Bernard:     No, you fucking idiot, we’re talking about Lord Byron the chartered accountant.
Valentine:   (Unoffended) Oh well, he was here all right, the poet.

Not that directors Eric Geistfeld & Charlotte Hodge have much room to enjoy this. The Bedlam stage has to be extended to accommodate the large table at its centre. Additional seating is provided onstage, left and right, but is unhelpful. Stoppard’s own description is of a bare room, uncarpeted, where ‘nothing is impressive but the scale’. Shooting parties are heard as noises-off and the schoolroom table accumulates the right props: folders, books, paper, pen, ink, an aged tortoise called ‘Lightening’ doubling as a paperweight. In the last scene, importantly, there is a pot of dwarf dahlias but otherwise the very large country house in Derbyshire in 1809, a stately home in 2014, is a distant setting in Bristo Place.

Upfront, down stage and around the table, however, there is solid, focused performance.

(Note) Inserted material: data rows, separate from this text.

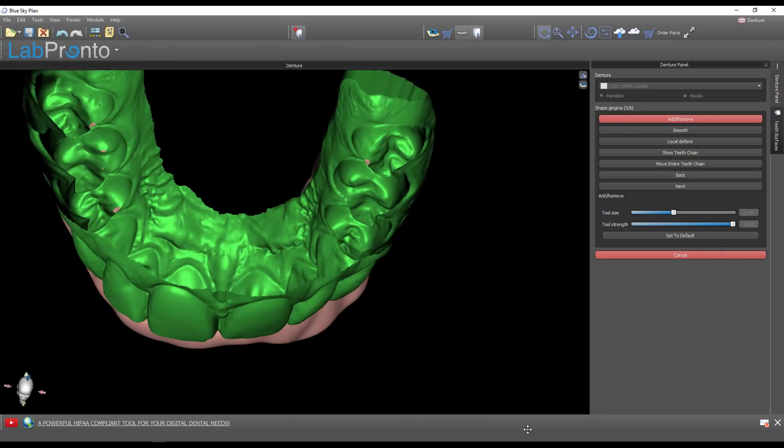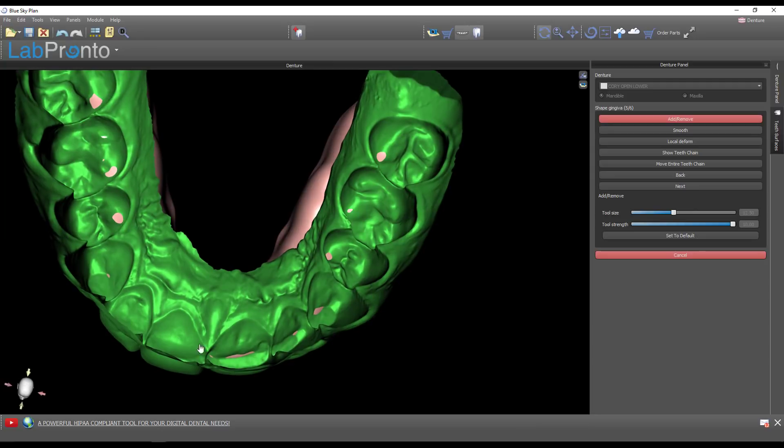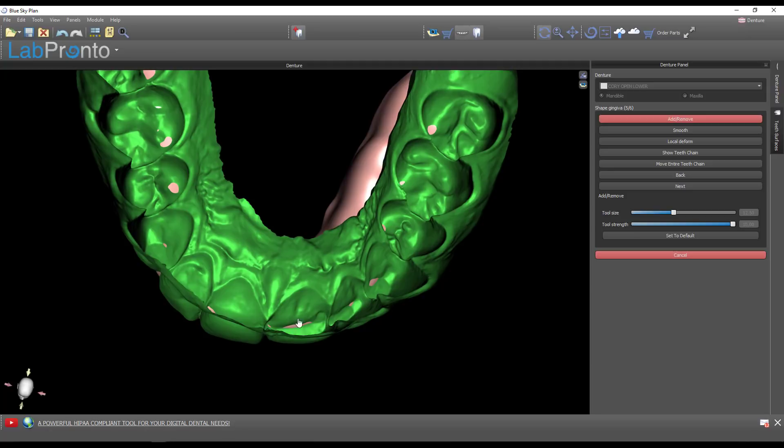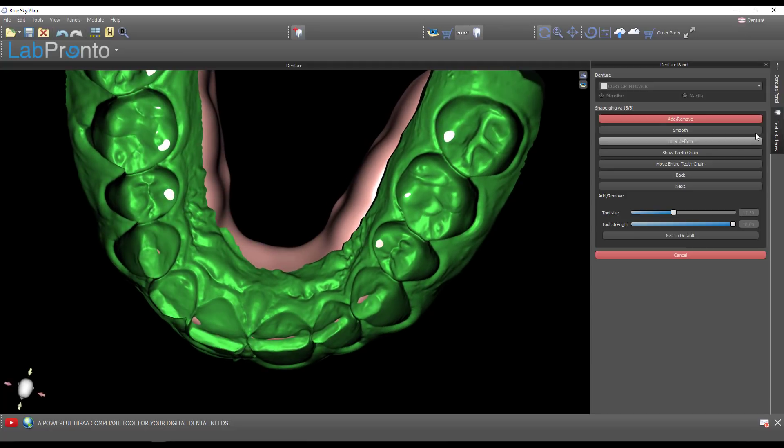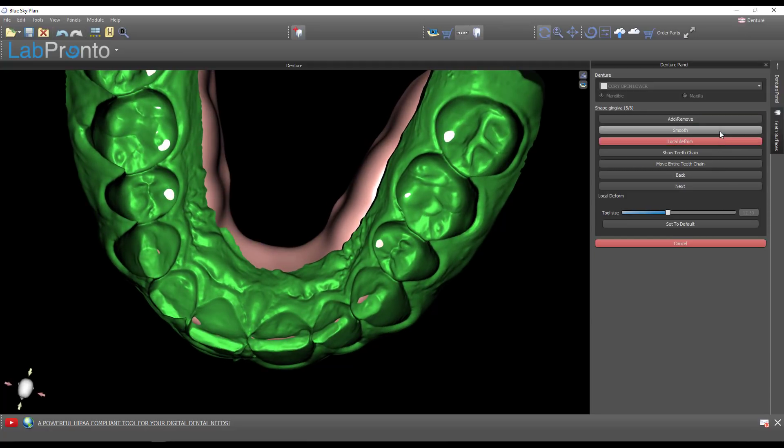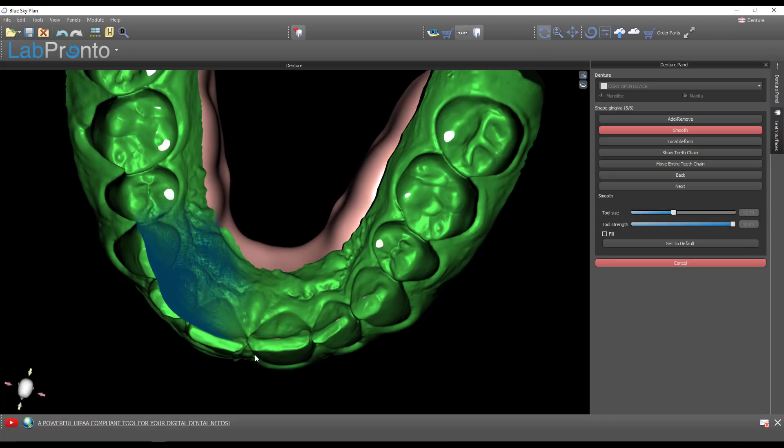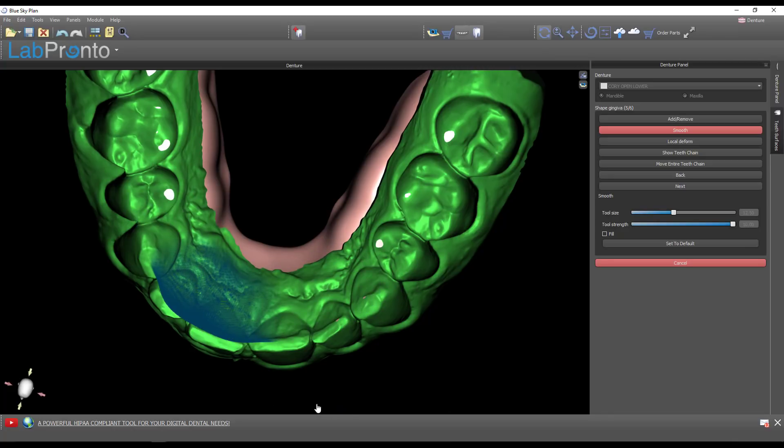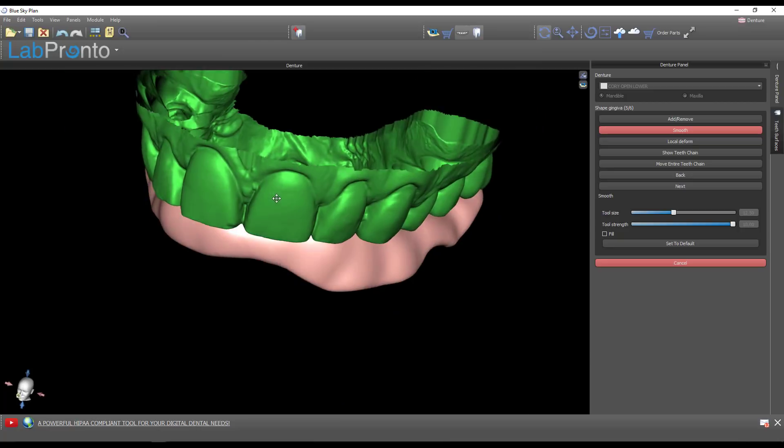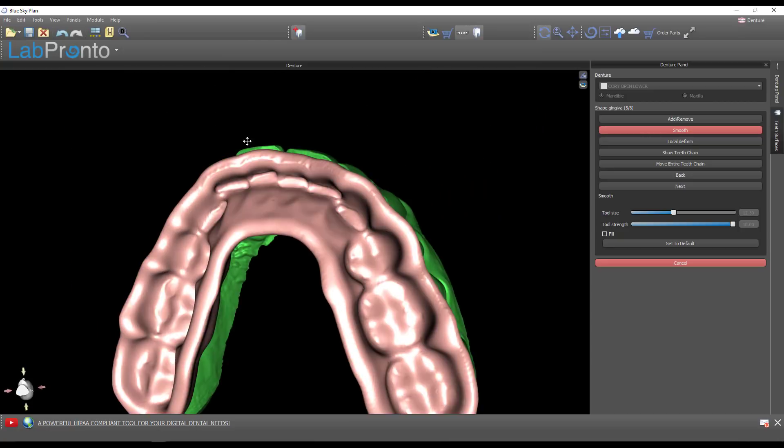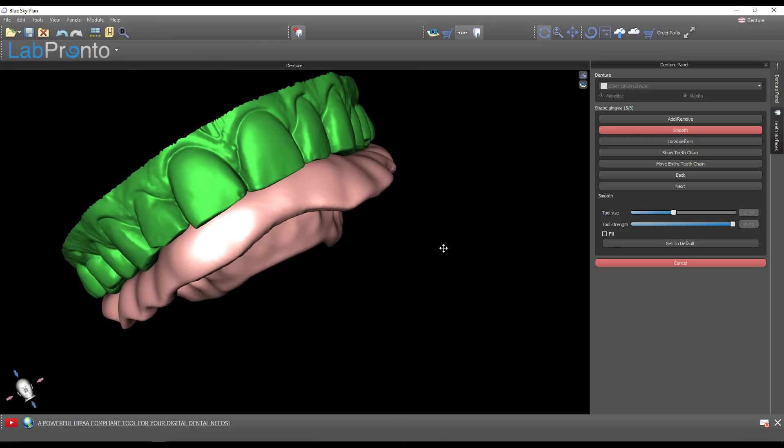That's looking really nice. If you wanted to add material, just hold down the shift button. I'm going to smooth those anterior contacts just barely out of occlusion. Done. This is the completed guard.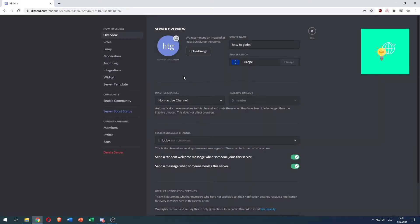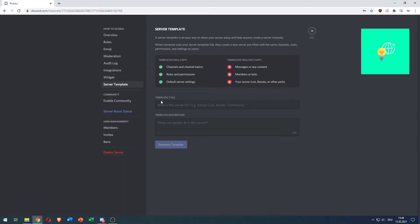Now you're in server settings. Go to server template on the left, under widget and just above community. Here you can see that templates will copy channels and channel topics, roles and permissions, and default server settings. They won't copy messages, members, bots, icons, boosts, or other perks.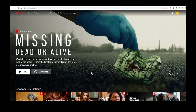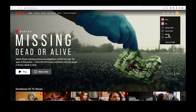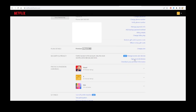If you have trouble signing out of Netflix on your device, you can do it through the Netflix website. Go to your Netflix account page, select 'Account,' and then select 'Sign out of all devices.' This signs out every device that you have tied to your account.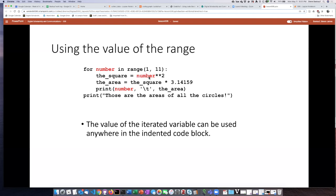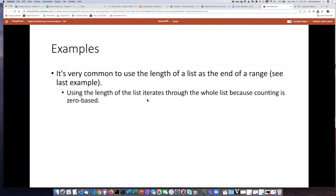For example, as it steps through each number from 1 to 10, I can have it take the square — two stars means exponent of 2 — and then multiply that square by pi to give the area. I'll print the value of the number, then use a tab character to jump to the next tab stop to try to line up the numbers, and then print the area calculated. It will do that for each number as it iterates through the range, and once it's gone through all 10 numbers it steps back to the outer indentation level and prints a final message.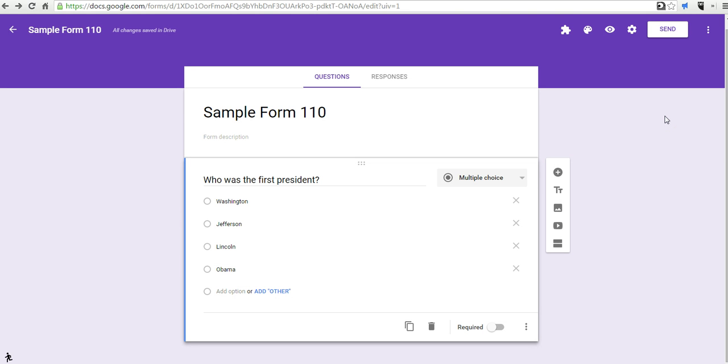So that's how you can get add-ons in the new version of Google Forms, and if you want to take a look at the old version of Google Forms and perhaps compare the two versions,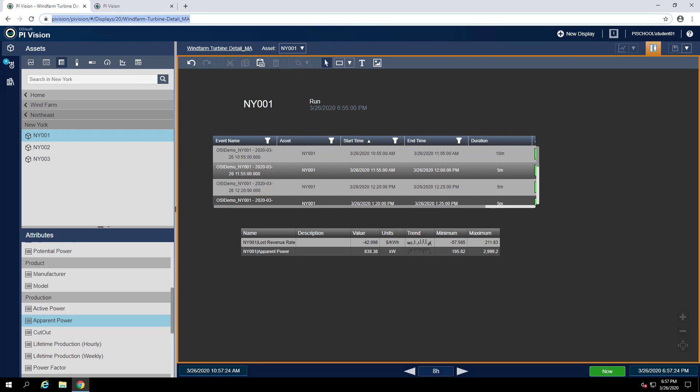Now that we have both a turbine overview display and turbine detail display, we would like to have a way to jump directly from the overview display to the detail display. We would also like this link to be able to automatically pass the context of the overview display to the detail display. This way we can use our on-screen navigation collections to select a turbine we are interested in and have a link that opens up the detail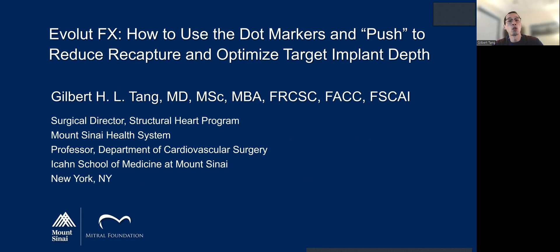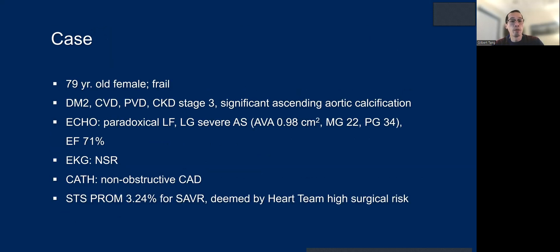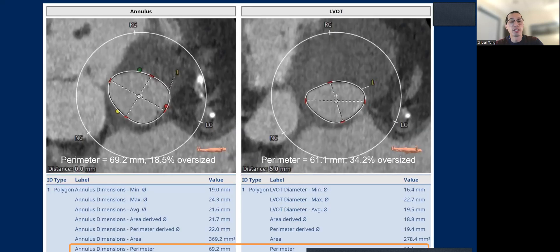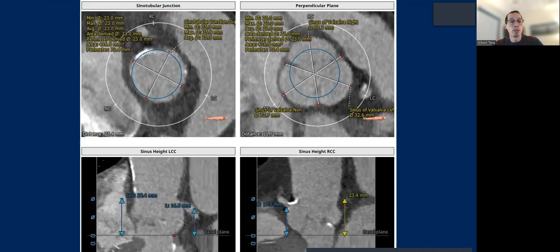The next case shows how to use the dot markers and a gentle push forward to avoid or reduce the need to recapture while optimizing target implant depth. This is a 79-year-old female, frail, with comorbidities, in sinus rhythm, high surgical risk. This patient fits a 26-millimeter Evolut FX, 18% oversize by annulus. With a small LVOT — 34% oversize by annular perimeter — there is definitely high risk of potential pop-out if you're not careful.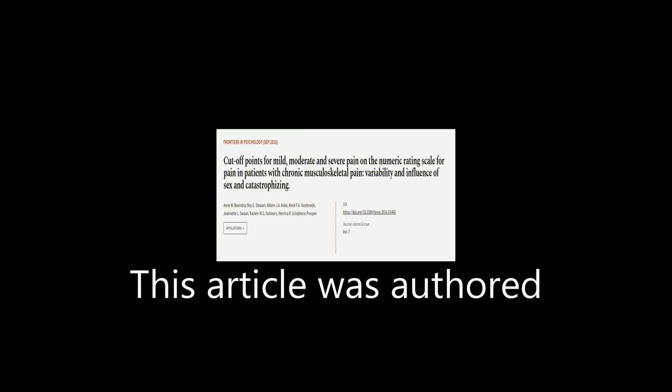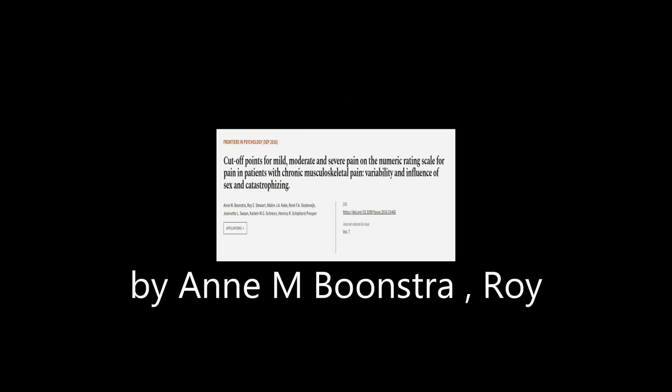This article was authored by N. M. Boonstra, Roy E. Stewart, Albra J. Koch, and others.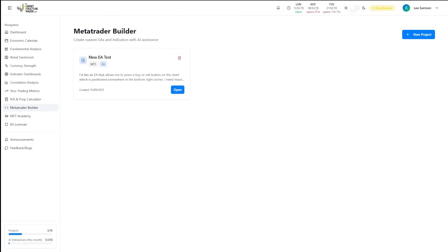Welcome to the MetaTrader Builder. This is where your trading ideas become automated reality through AI. There's no coding experience required, you just describe your strategy in plain English and watch professional grade expert advisors come to life.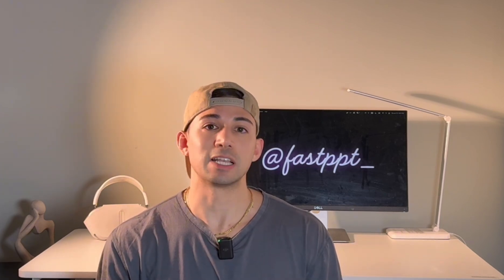And that's it, y'all. Go impress with this trick and we'll see you back here soon with more from Fast PPT.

Lauren Moreau is Thomasina Coverly and is entirely convincing as genius pupil and smart child (think Outnumbered Karen), who is as fascinated by jam in her rice pudding as she is by kissing. Pedro Leandro is her tutor, Septimus Hodge, who does languid and attractive intelligence to the nth degree of Fermat’s last theorem. Stoppard’s George in Jumpers (1972) belongs ‘to a school which regards all sudden movements as ill-bred’. Septimus went to Harrow, maybe played in the eleven with Byron, and learnt the same lesson. Leandro voices the elegant wit of the gentleman scholar as if to the manner born. Peter Stanley as Valentine Coverly, post-grad mathematician and modern day heir to Sidley Park, has the other sort of manor but the same gift of lazy concentration. As with Septimus, Valentine’s words provide rhythmic measure and reflection and Stanley makes you listen. Rik Hart as Bernard Nightingale provides the counterpoint of rhetoric as chat-show. Almost insufferable, ‘bouncy on his feet’, an academic bloodhound, the part drives the actor and Hart controls it very well.  Sita Sharma, as Hannah, has to manage this clever, unrelenting, assault and still stand her own ground. A threatened kick in the balls and calling him an “absolute shit” gives her an encouraging, winning, start that a poised Sharma does not relinquish.

Supporting roles are better than also-rans but it is uneven going. Arcadia is an unforgiving estate in 1809. The costumes looked really good but this is not period drama and the physical comedy cramped up. Braying outrage from Henry Conklin as Chater and a glowering Capt.Brice RN. (Sebastian King) were fun but … too much. Rosie Pierce as Lady Croom went all out for pure-bred aplomb and witty hauteur, leaving Derbyshire far behind. Poor Mr Noakes (Lewis Robertson), jobbing landscape gardener, had no defence but a soft Scottish accent, which was nice. The remaining household: butler Jellaby (Will Naameh) and Lord Augustus (James Beagon) – stay impassive, dumb in my lordship’s case, and that served well.

In contemporary Sidley Park, Catherine Livesey is Chloe Coverly, 18 – giddy, kind and susceptible; whilst James Beagon is back and now speaks as ‘Gus, at Eton and pretty cool.

As students might plough a tough exam it is entirely possible to plough  Arcadia and bury it. But not this time. Directors Eric Geistfeld & Charlotte Hodge and cast should reap a reward.

nae bad_blue

Reviewer: Alan Brown (Seen 5 February)

Visit Arcadia homepage here.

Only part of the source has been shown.